In an effort not to get completely bored and kill the time peacefully, this weekend I wanted to figure out if an economy based on debt and fiat currency is dependent on a constant population growth in order to be sustainable. Among the reads i did, i have found the Open Yale Course on “Global Problems of Population Growth” (which is excellent btw).
Here are the facts.
Countries with a constant high birth rate have actually a decreasing GDP per capita. The fact is that the more children a family has, the higher is the financial burden for the family. All their income goes into sustaining the family. Without a population that accumulates savings, the country economical development relies mainly on FDI. Add to the fact that countries with high birth rate are very poor, with a poor healthcare and education systems and you have the receipt for generalized and continuous mass poverty.
What was discovered is that actually a high birth rate followed by a drop in the birth rate will lead in 10-15 years to an economic boom. This is excellently well detailed in the course above. This is explained by the fact that in 10-15 years you have a boom of workforce that doesn’t have a high ‘dependency ratio’ – which is your number of workers, divided by your number of children and your number of old folks. It’s only after a delay of 15 to 20 years that you have this huge number of people in working ages, very few children behind them, and the ratio of workers to dependents becomes very good. This is called the demographic gift. If a country gets its fertility down – it can generate its own capital and does not need to depend on foreign sources and foreign control.

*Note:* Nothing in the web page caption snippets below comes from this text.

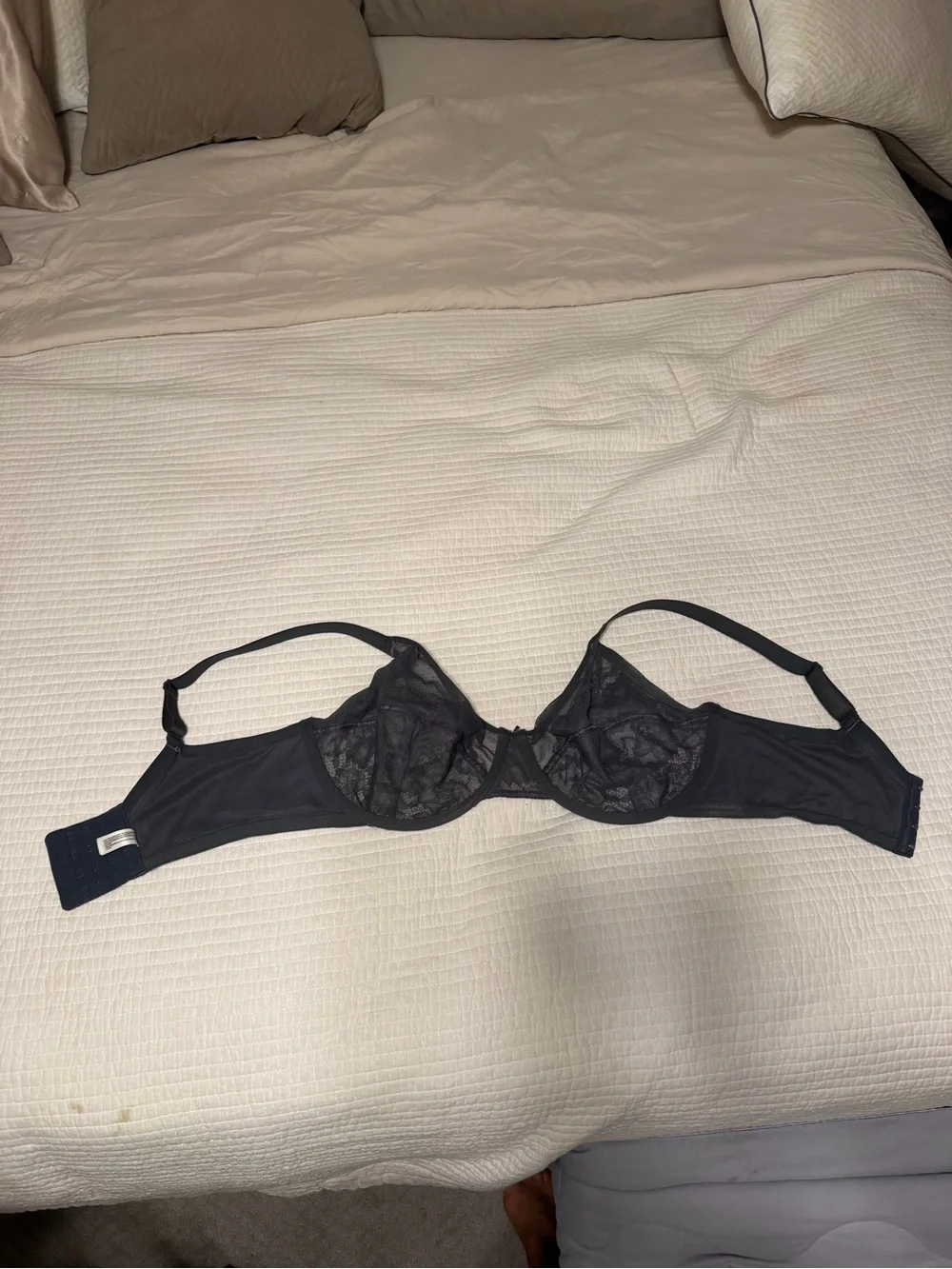 Hsia worn only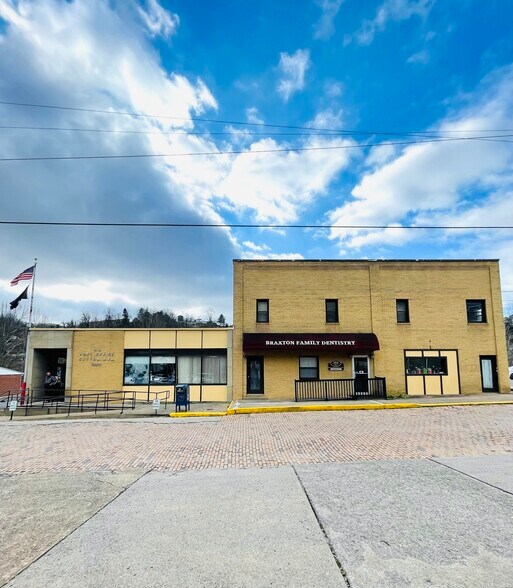 304 River View Dr, Sutton, WV for sale - Building Photo - Image 1 of 1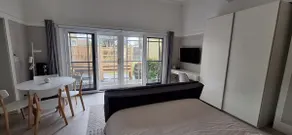 Self contained studio, walk to beach, train, shops - Image 2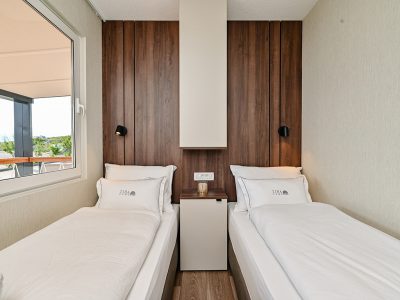 campsite-tiha-silo-mobile-home-deluxe-sea-view-bedroom-single-beds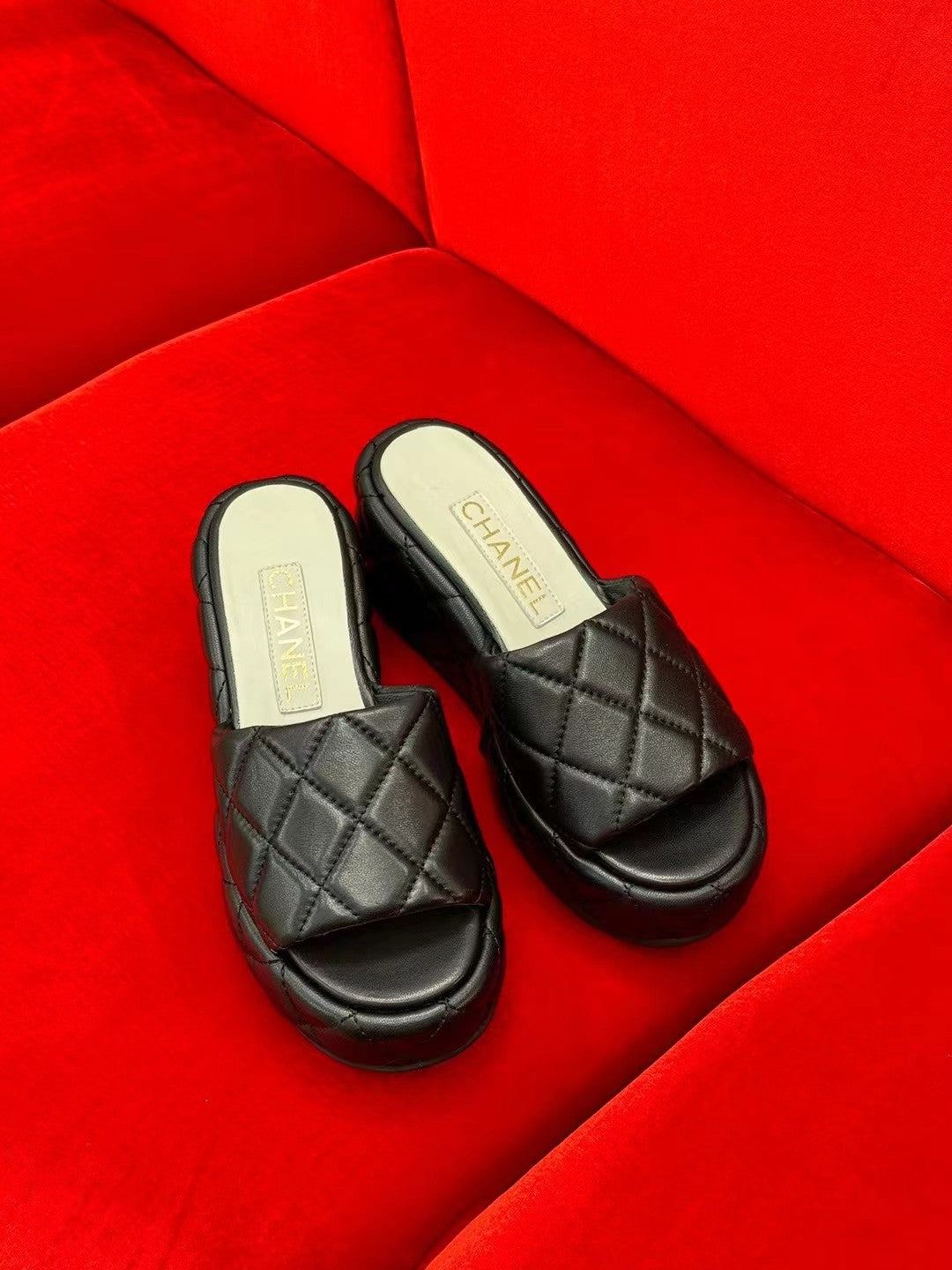 CC WEDGE HEELS BLACK LAMBSKIN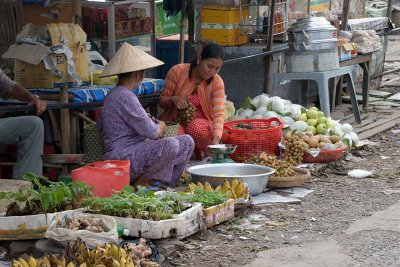 Dua Do (Red Coconut) Market, Nhi Long village, Tr Vinh - 6595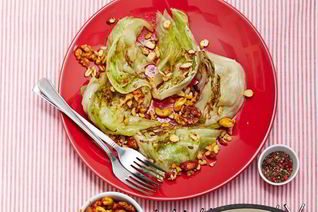 Быстро обжаренный айсберг с орехами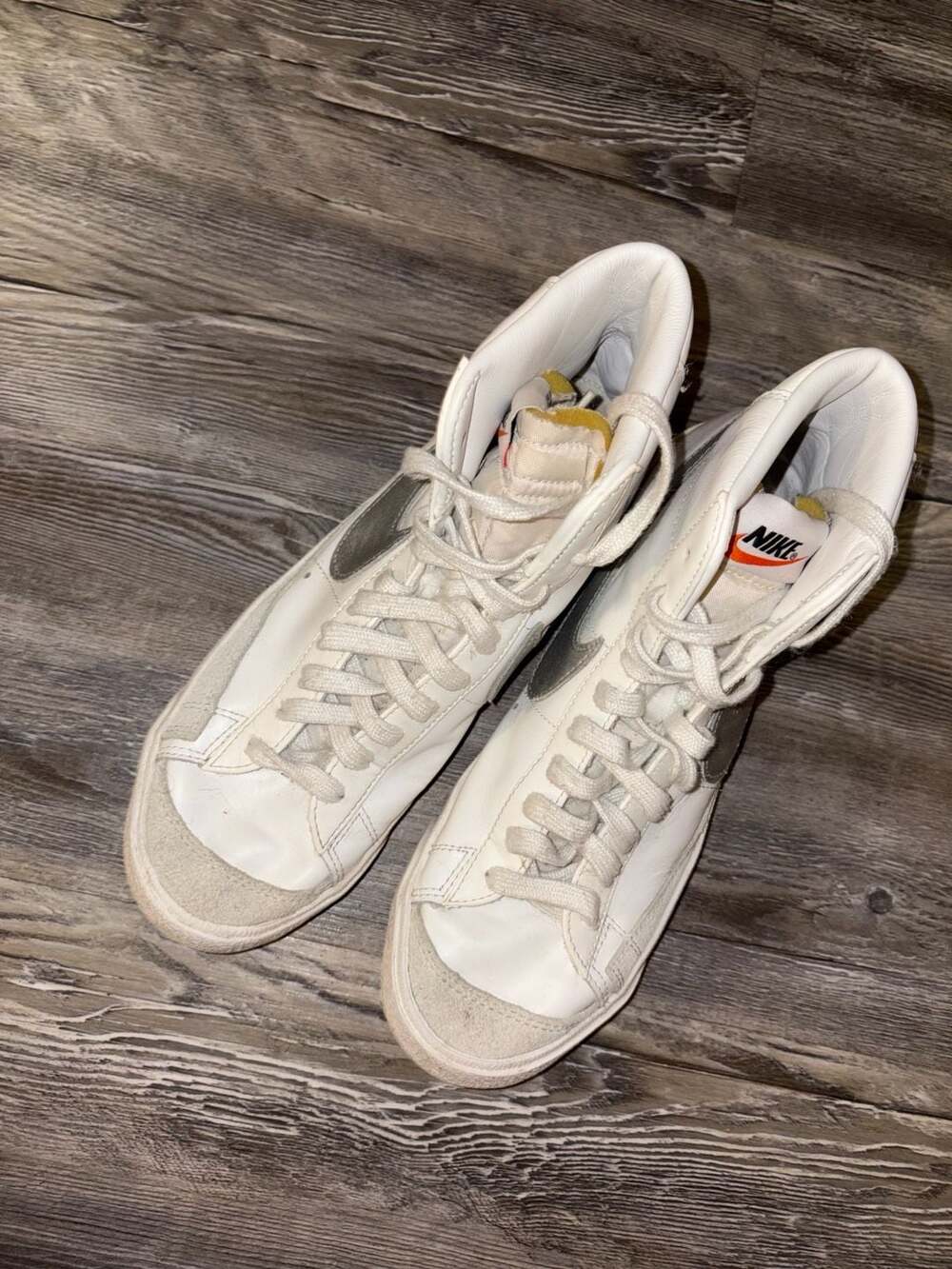 Nike Blazer Mid '77 Vintage White Metallic Silver Sneakers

The third case is the aging population. Small birth rated leads to an aging population. The working age population ages and eventually becomes a burden again and slows the economic progress. This is accentuated as we live longer and retire earlier (retirement ages has been reducing with about 1 year per decade). Possible solutions are: raise birth rate (it’s just going to increase the problem due to excess births that will actually increase the dependency burden), take in immigrants (causes social problems) and raise the retirement age (one possible solution but difficult politically).
To conclude, constant high population growth is necessary. If the birthrate stabilizes at ~2 children, the population pyramid becomes rectangular: there are approx equal numbers of people at all ages (except the very old) and is sustainable. Countries with aging population might have to raise the retirement age.

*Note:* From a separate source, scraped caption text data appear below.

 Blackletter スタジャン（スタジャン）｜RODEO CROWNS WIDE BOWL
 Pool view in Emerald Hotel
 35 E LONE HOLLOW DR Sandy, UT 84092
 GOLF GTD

On a secondary conclusion, it’s now just so obvious that ‘early retirement’ scheme promoted in Romania have killed the “demographic gift†that Romania could have used in the early 2000. Our 2000-2008 growth was mainly fueled by FDI and savings sent by Romanians working abroad. The good part is that Romanians working abroad continue to send money to Romania and according to the latest reports of the national bank our population is increasing their the savings. Two major sectors need massive changes: education and health. Like everyone in the world, we need to realize that uneducated, poor skilled and sick adults –are not very productive.
Anyway … I really had a lot of free time this weekend.